◆ EXERCISE BRIEF
Please output the line containing "79638292292" and all lines that follow it in the data below, exactly, with no pictures.

◆ DATA UNDER STUDY
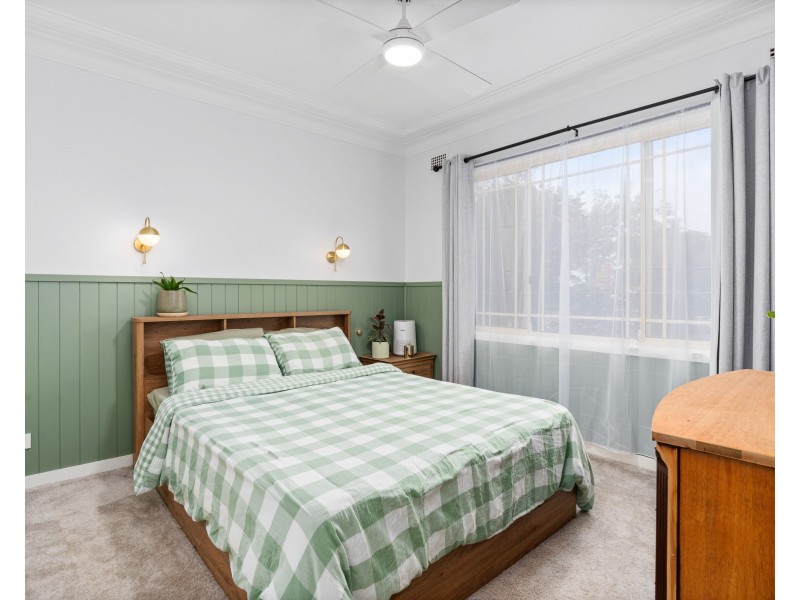 184 Avoca Drive, Kincumber NSW 2251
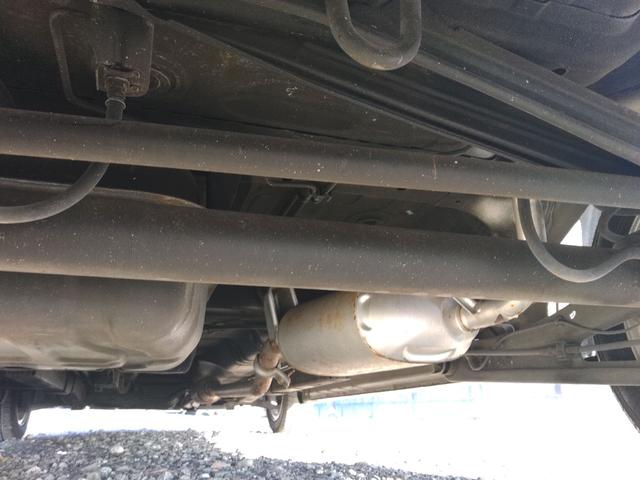 ワゴンＲスティングレー Ｘ　ドライブレコーダー　衝突被害軽減システム　オートライト　ＨＩＤ　スマートキー　アイドリングストップ　シートヒーター　ベンチシート　ＣＶＴ　盗難防止システム　ＡＢＳ　ＥＳＣ　ＣＤ　ＵＳＢ　アルミホイール（42枚目）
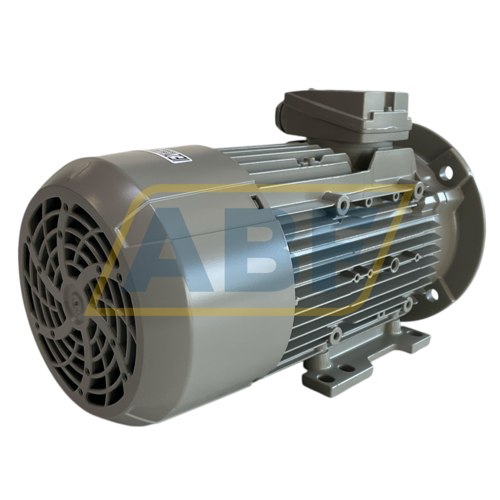 1LE1001-0EB62-2JA4-Z Siemens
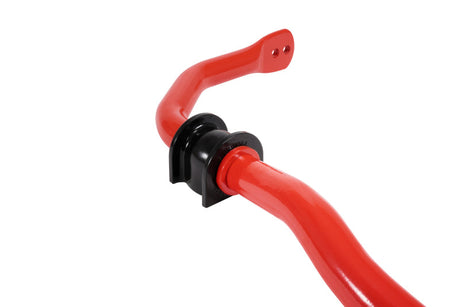 Eibach Rear Anti-Roll Sway Bar Kit for 00-09 Honda S2000 4043.312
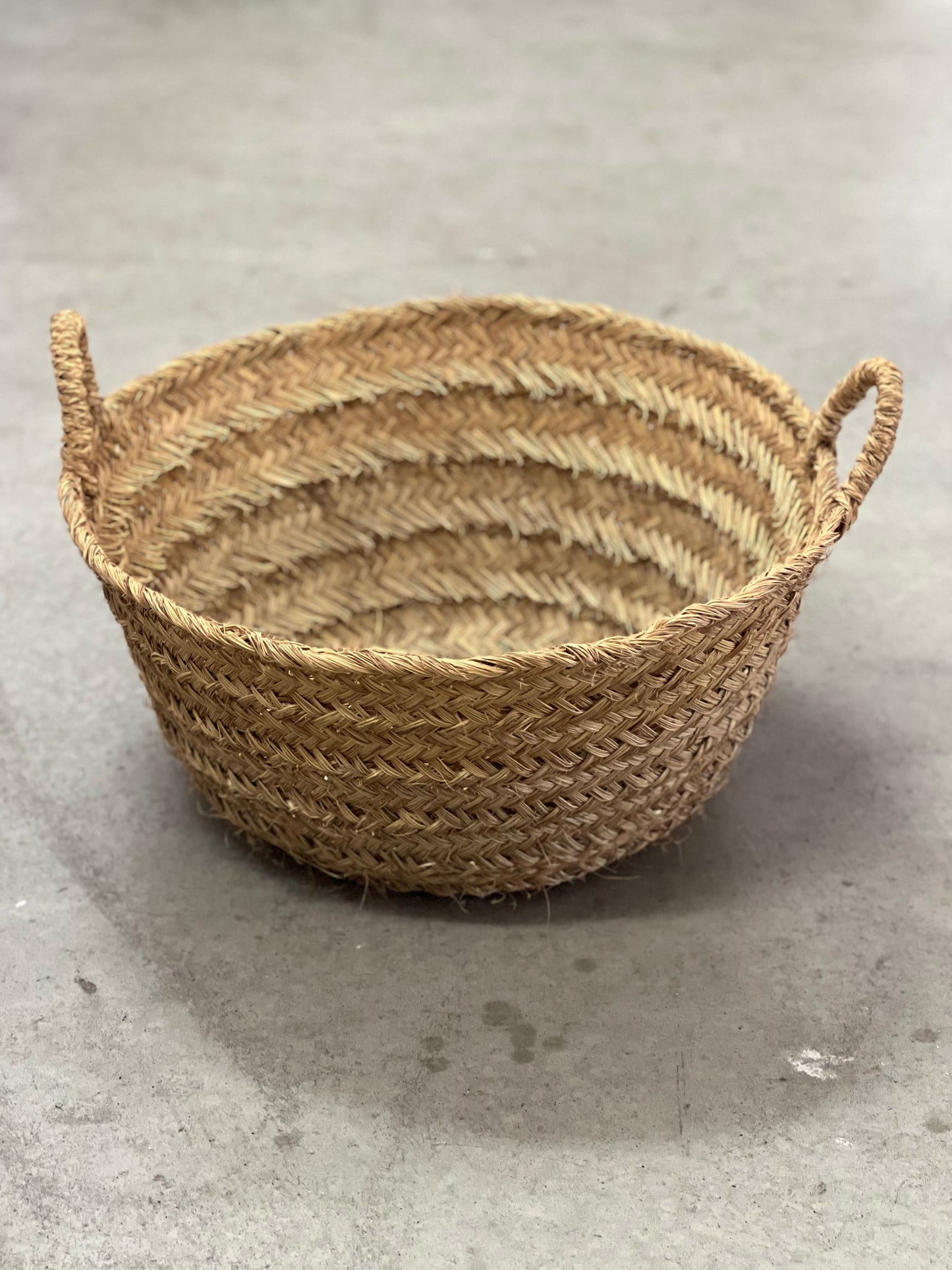 2 duck 🦆 || open basket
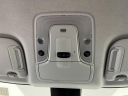 Thumbnail image of 2019 Toyota Prius at Browns Fiat Alfa Romeo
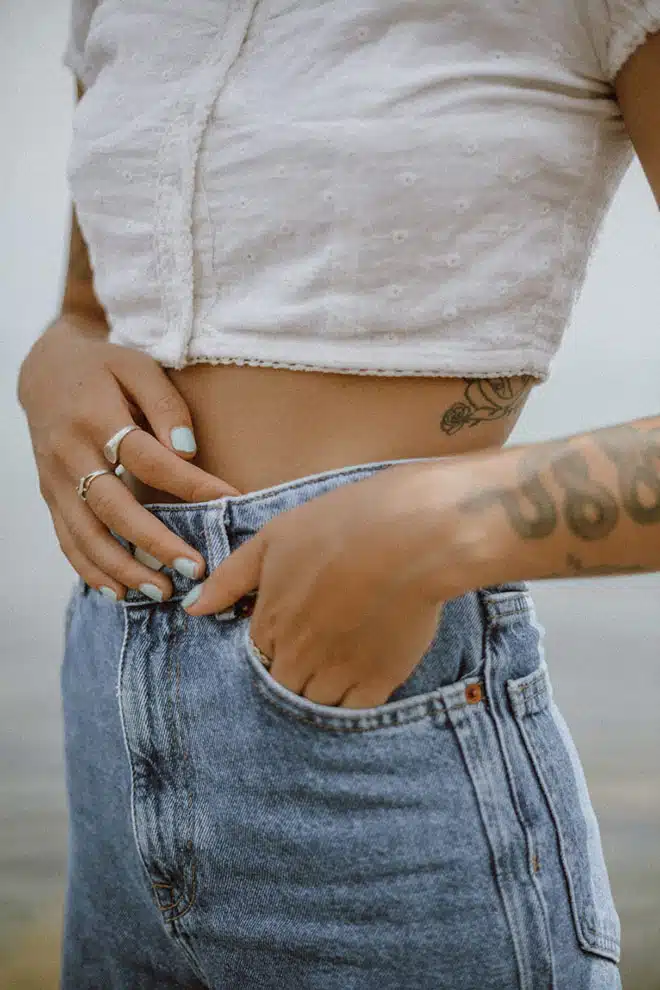 effacer tatouage détatouage laser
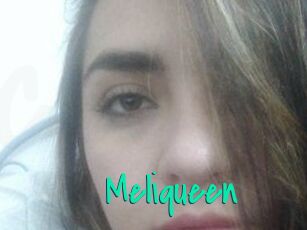 Meliqueen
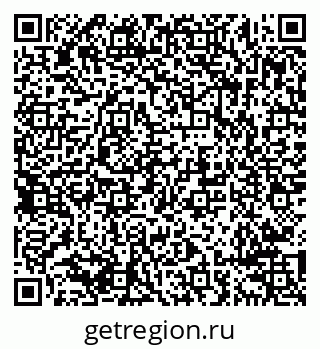 79638292292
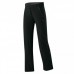 PANTALONI RUNJE WOMEN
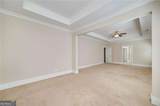 201 Meadow Branch Lane - Photo 22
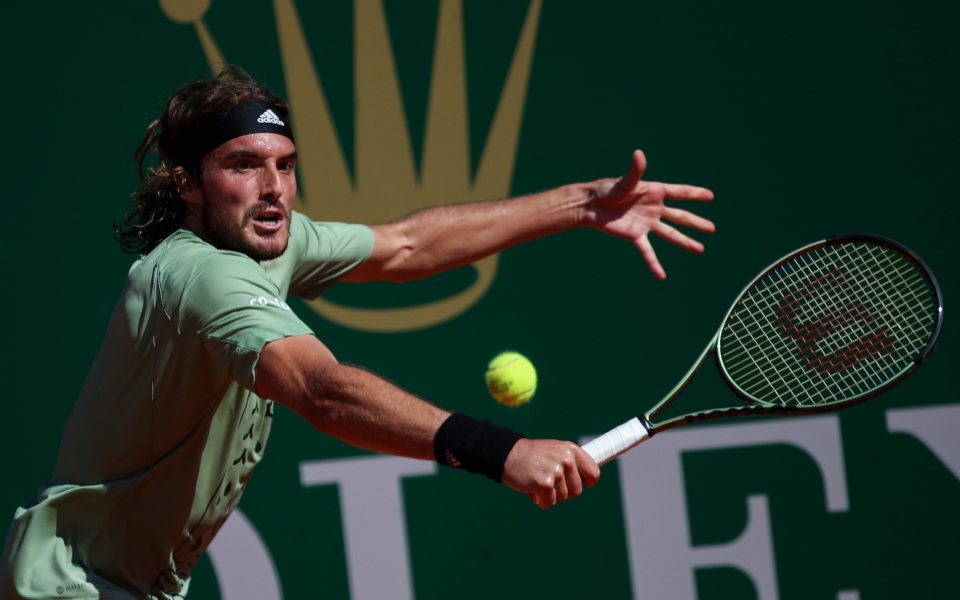 τσιτσιπάς-δε-νιώθω-πίεση-για-τον-τίτλ-561819856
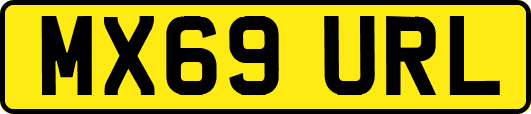 MX69URL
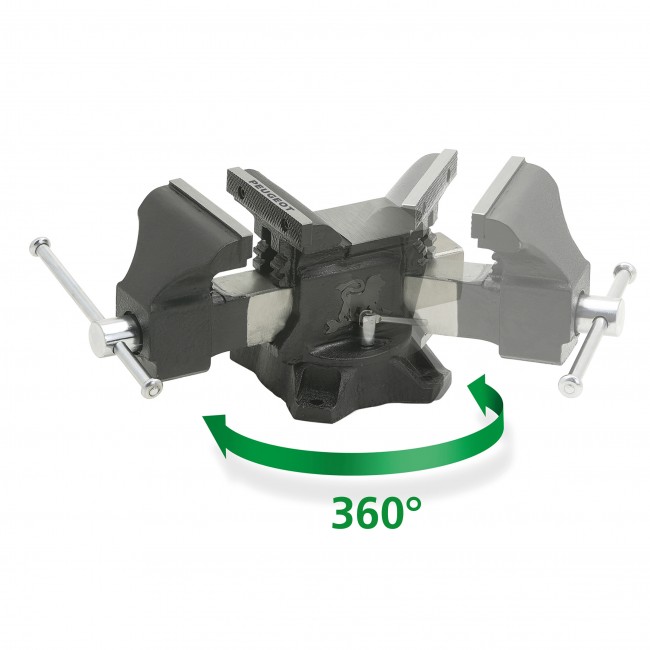 PEU-100715-2.jpeg PEUGEOT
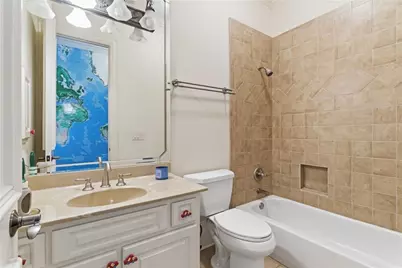 2104 Wynnton Point, Duluth, GA 30097 - Photo 42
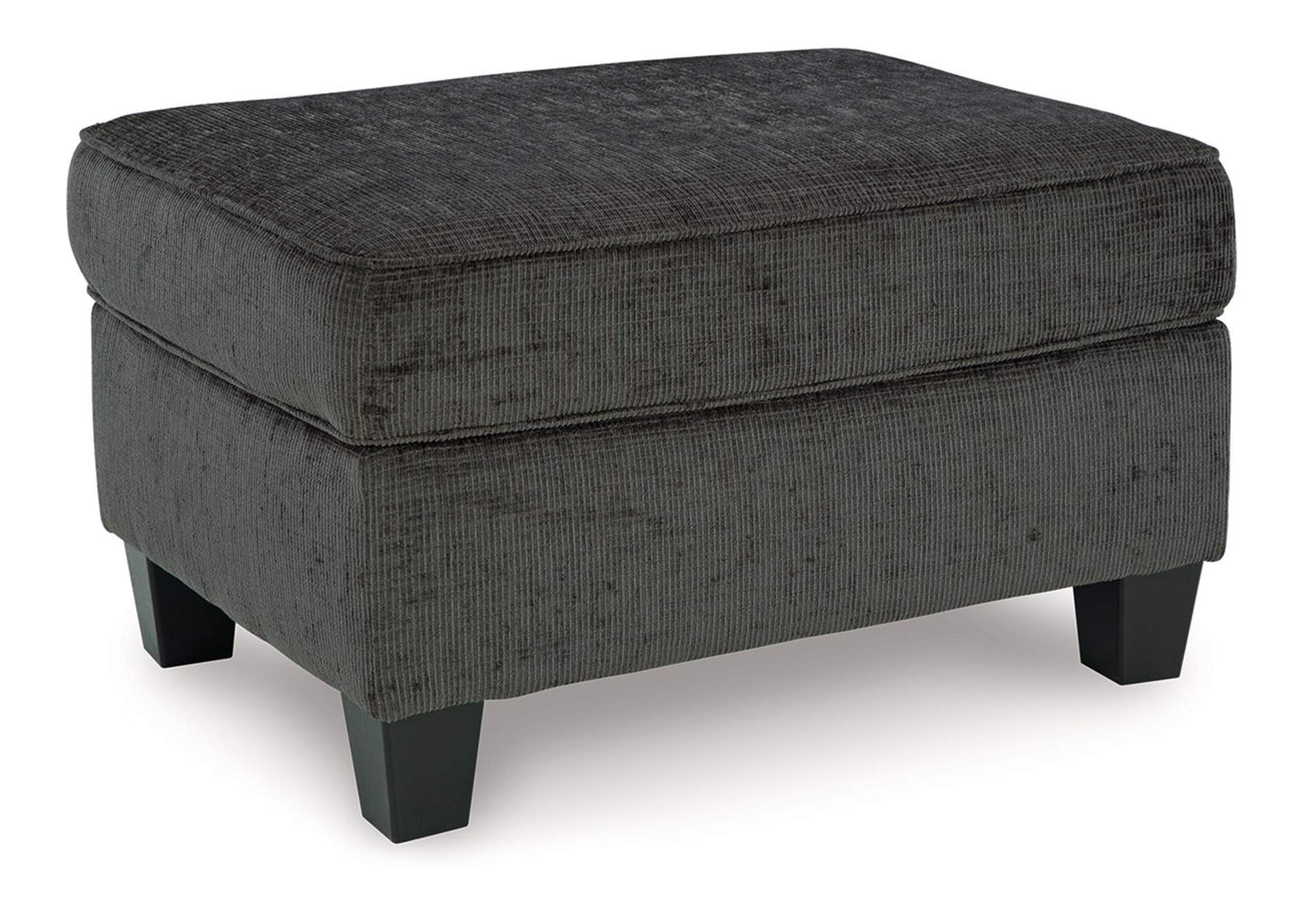 Erinslane Ottoman,Benchcraft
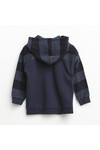 Nanica 1-5 Age Boy Sweatshirt 321314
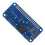 For Banana Pi BPI-M4 Zero Motherboard Allwinner H618 Linux Programming Learning ARM Cortexx-A53 Processor 2.4G/5G WIFI 3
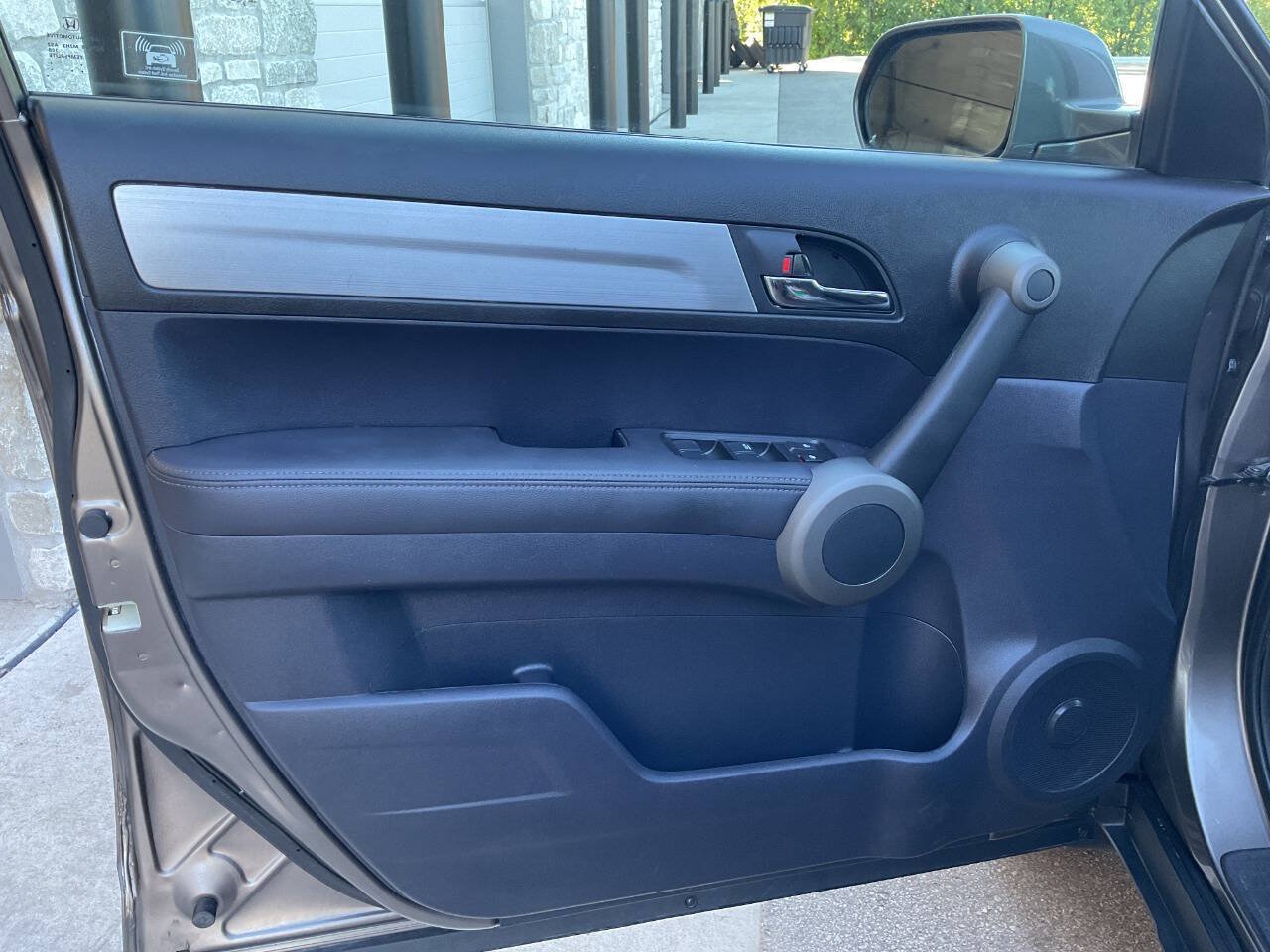 Used 2010 Honda CR-V EX-L image 22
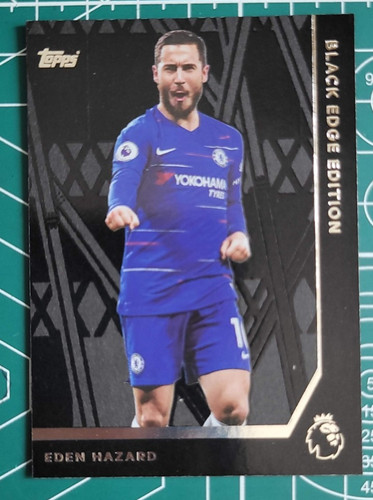 Topps match attax 2025 - topps,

◆ ANSWER AREA
 79638292292
 PANTALONI RUNJE WOMEN
 201 Meadow Branch Lane - Photo 22
 τσιτσιπάς-δε-νιώθω-πίεση-για-τον-τίτλ-561819856
 MX69URL
 PEU-100715-2.jpeg PEUGEOT
 2104 Wynnton Point, Duluth, GA 30097 - Photo 42
 Erinslane Ottoman,Benchcraft
 Nanica 1-5 Age Boy Sweatshirt 321314
 For Banana Pi BPI-M4 Zero Motherboard Allwinner H618 Linux Programming Learning ARM Cortexx-A53 Processor 2.4G/5G WIFI 3
 Used 2010 Honda CR-V EX-L image 22
 Topps match attax 2025 - topps,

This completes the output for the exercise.